上咽頭には免疫機能が集中し、炎症を起こしやすいという特徴があります。また、鼻から呼吸した際に細菌・ウイルスなどの病原体やホコリが付着しやすい部位でもあります。症状が長引くようになれば、後鼻漏(鼻水がのどに垂れていく)、のどに違和感、鼻づまり、咳、痰などがみられるようになります。このような上咽頭炎に対して有効とされているのがBスポット療法です。とくに慢性的とされる上咽頭炎については、抗生物質や抗菌薬を用いた薬物療法よりもBスポット療法が効果的とされています。

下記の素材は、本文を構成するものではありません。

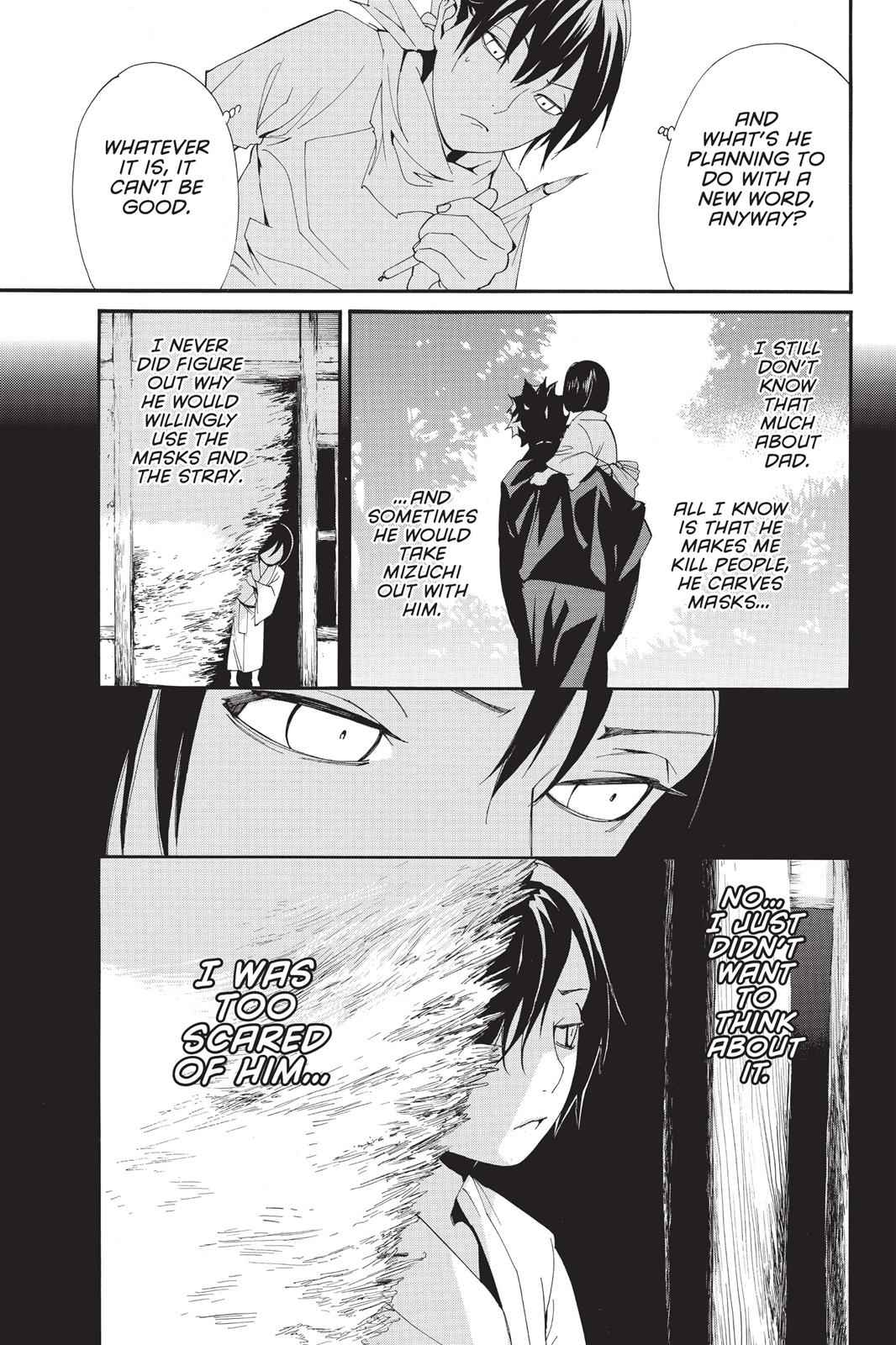 Noragami Chap 49 - Next Chap 50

Bスポット療法は、以下のような症状に有効とされています。

  • のどに不快感がある
  • 鼻水がのどに落ちていく
  • のど風邪を何とかしたい
  • 声が出にくい、かすれる
  • 頭痛と肩こりに悩んでいる
  • 耳が詰まる感じがする
  • など
治療を受けられない方
ワーファリン(抗凝固薬)を常用されている方
治療について
  • 塩化亜鉛などの薬剤を染み込ませた細長い綿棒を、鼻もしくは口の中へ挿入し、上咽頭に塗布、擦過する方法です。
  • 治療時間は1分程度です。
  • 使用する薬剤の濃度は、炎症の程度によって調整いたします。
  • 炎症部位に触れるため、ヒリヒリした痛みや出血がみられることもありますが、時間の経過と共に緩和していきます。
  • 上咽頭の炎症による症状をできるだけ抑えていくことを目的としており、治療のサポートとして使われます。併せて根本的な治療も行うようにしてください。
治療後について
治療を終えてから半日程度は、血液を含む鼻水や痰が出ますが、次第にそのような症状は消えていきます。上咽頭の炎症が重い方は、治療後に皮膚に何らかの症状(アトピー性皮膚炎など)や、頭痛などがみられることも少なくありません。